Nun ist natürlich niemand gezwungen, die Thüringer AfD oder Björn Höcke zu wählen, aber die Heftigkeit der Ablehnung erstaunt dann häufig doch. Viele West-AfDler bevorzugen einen eher wirtschaftsliberalen Kurs, was ebenfalls akzeptabel ist, wenn die die unterschiedlichen Bedürfnisse der Ost-AfDler respektieren – die »Sozialismus«-Unkenrufe sind jedoch ähnlich deplatziert, wie das allgegenwärtige »Nazi«-Geschrei der Etablierten. Frau Schunke ist gewiss nicht die einzige, der die »Höcke-AfD« nicht fein genug ist, aber sie wird dabei gern besonders ausfallend. Das ist daher bemerkenswert, weil der Markenkern ihrer Arbeit in den sozialen Medien genau derjenige ist, den man der AfD gewöhnlich vorwirft: Das Zusammentragen von Berichten über Migrantenkriminalität. Stolz präsentiert sie täglich ihre Beute und schürt den Zorn jener Steuerzahler, zu denen sie nur bedingt gehört. Die Thüringer AfD-Fraktion um Björn Höcke befasst sich mit einem weitaus breiteren Themenspektrum, zu dem neben Migration auch Energiepolitik, die allgegenwärtige Inflation, Umweltschutz und die allgemeine Lage der Demokratie zählen – da geht es spannender zu. Was Frau Schunke antreibt, sich ausgerechnet Thüringen im Allgemeinen und Björn Höcke als Ziel ihres Unmuts herauszupicken, bleibt ein Rätsel.
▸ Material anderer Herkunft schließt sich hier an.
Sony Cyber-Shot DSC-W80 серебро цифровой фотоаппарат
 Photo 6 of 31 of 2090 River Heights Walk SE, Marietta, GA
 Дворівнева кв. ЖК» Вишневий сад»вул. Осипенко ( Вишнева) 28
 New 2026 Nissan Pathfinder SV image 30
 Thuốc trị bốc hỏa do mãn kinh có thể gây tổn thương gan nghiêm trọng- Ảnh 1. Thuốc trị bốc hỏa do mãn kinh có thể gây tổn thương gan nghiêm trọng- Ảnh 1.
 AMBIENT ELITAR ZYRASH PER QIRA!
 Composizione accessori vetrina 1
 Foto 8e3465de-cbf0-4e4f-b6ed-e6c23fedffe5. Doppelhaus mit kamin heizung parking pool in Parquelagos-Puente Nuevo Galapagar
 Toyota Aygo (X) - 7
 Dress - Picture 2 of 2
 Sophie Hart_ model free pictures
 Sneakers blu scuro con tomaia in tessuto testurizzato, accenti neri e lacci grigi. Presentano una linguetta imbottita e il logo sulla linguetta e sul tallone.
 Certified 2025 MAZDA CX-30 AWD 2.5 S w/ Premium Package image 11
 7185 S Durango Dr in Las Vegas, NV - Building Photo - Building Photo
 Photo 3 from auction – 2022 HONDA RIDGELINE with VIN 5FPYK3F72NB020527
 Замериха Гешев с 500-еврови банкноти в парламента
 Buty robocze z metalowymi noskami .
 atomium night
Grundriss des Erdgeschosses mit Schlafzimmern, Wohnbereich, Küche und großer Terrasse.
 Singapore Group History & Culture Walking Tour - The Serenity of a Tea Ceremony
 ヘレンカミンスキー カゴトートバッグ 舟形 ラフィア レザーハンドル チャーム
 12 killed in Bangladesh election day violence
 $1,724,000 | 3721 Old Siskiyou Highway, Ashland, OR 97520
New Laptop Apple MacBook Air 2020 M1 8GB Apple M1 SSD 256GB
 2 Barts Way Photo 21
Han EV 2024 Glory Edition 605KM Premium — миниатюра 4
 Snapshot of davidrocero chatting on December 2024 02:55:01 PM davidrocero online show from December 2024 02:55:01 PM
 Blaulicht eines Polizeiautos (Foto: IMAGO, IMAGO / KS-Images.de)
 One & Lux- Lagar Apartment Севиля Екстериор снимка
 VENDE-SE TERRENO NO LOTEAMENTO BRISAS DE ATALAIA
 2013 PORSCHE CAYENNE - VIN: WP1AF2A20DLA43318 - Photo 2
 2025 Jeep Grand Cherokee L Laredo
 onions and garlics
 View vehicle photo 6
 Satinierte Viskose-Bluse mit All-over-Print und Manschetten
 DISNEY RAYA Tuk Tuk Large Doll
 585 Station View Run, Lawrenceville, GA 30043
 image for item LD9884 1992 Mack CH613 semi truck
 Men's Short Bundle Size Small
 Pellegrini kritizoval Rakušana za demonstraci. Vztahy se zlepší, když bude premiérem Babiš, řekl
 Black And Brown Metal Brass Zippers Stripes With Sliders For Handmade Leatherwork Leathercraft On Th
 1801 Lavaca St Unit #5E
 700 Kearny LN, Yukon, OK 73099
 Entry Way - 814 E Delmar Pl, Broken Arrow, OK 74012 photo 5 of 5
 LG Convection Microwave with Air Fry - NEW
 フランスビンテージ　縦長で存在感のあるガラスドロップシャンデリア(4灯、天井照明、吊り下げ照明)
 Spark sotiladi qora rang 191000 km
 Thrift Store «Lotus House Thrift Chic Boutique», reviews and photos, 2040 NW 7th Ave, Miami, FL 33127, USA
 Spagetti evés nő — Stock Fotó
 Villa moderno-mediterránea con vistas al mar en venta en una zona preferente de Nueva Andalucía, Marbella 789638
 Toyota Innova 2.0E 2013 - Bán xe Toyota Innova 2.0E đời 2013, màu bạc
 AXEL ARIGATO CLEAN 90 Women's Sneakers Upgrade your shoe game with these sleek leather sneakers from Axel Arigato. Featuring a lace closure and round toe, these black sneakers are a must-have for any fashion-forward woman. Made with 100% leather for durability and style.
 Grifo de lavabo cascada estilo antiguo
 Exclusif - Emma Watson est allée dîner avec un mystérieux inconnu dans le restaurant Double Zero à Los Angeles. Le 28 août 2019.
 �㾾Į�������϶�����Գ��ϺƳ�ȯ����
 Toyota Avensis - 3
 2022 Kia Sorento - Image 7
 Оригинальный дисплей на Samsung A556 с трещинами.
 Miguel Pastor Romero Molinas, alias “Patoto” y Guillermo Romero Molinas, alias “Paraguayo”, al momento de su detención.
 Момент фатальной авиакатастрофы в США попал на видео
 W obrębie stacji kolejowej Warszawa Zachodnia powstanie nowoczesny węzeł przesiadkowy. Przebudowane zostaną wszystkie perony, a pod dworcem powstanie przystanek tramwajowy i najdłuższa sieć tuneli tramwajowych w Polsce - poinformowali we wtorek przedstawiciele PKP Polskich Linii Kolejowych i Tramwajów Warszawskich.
Natürlich ist es immer leichter, sich der mobbenden Meute anzuschließen als zumindest neutral zu bleiben, aber mir scheint, es steckt mehr dahinter – fast, als habe sie sich von ihm einen Korb irgendeiner Art geholt.
 
Das klingt doch sehr nach »Haltet den Dieb, er hat mein Messer im Rücken!«, was ebenfalls nichts Ungewöhnliches ist. Die eigene Migrationskritik ist eben doch immer die bessere, vor allem deren Motive. Und vielleicht kann man das noch klarer herausstreichen, indem man andere Kritiker als »völkisch motiviert« übel beleumdet, was immer das bedeuten soll. Da ist es ebenso glaubwürdig, sich ein Schild um den Hals zu hängen »Ich gehöre nicht dazu!« und von Mut zeugt es auch nicht. Frau Schunke gilt nicht gerade als pflegeleicht, sie selbst hat es geschafft, bei Facebook hinausgeworfen zu werden – was zugegebenermaßen auch ein Qualitätsmerkmal sein kann – aber auch die bezahlten Beiträge in ihren »Stammmedien« werden weniger. Vielleicht, weil sie am liebsten über sich schreibt und die ihr zustoßende Unbill, die sie im Gegensatz zu Björn Höcke natürlich nicht verdient hat. Das wird auch den größten Fans irgendwann zu langweilig, zumal sie sich eventuell überlegen, was ihnen wegen freier Meinungsäußerung selbst schon zugestoßen ist. Eine gewisse Zickigkeit Frau Schunkes gegenüber Kritikern rundet das Bild ab, wer nicht bereits das Interesse verloren hat, ist wahrscheinlich verächtlich geblockt.

Zum Glück dreht sich die Welt auch ohne ihre Meinungsäußerung weiter, doch in ihrer Gesamtheit ist die »Habt mich wieder lieb!«-Brigade außerordentlich anstrengend. Denn auch wenn sie weit davon entfernt ist, wieder in der »Society« mitspielen zu dürfen, werden ihre Äußerungen gern von dieser aufgegriffen: »Selbst die rechtsextreme xy distanziert sich von diesem Schurken!« - man liefert, wie bestellt. Doch der Opportunismus ist ganz umsonst, denn bekanntlich wird die Denunziation geliebt, während man den Denunzianten verachtet. Und irgendwann ist er dann in der Versenkung verschwunden.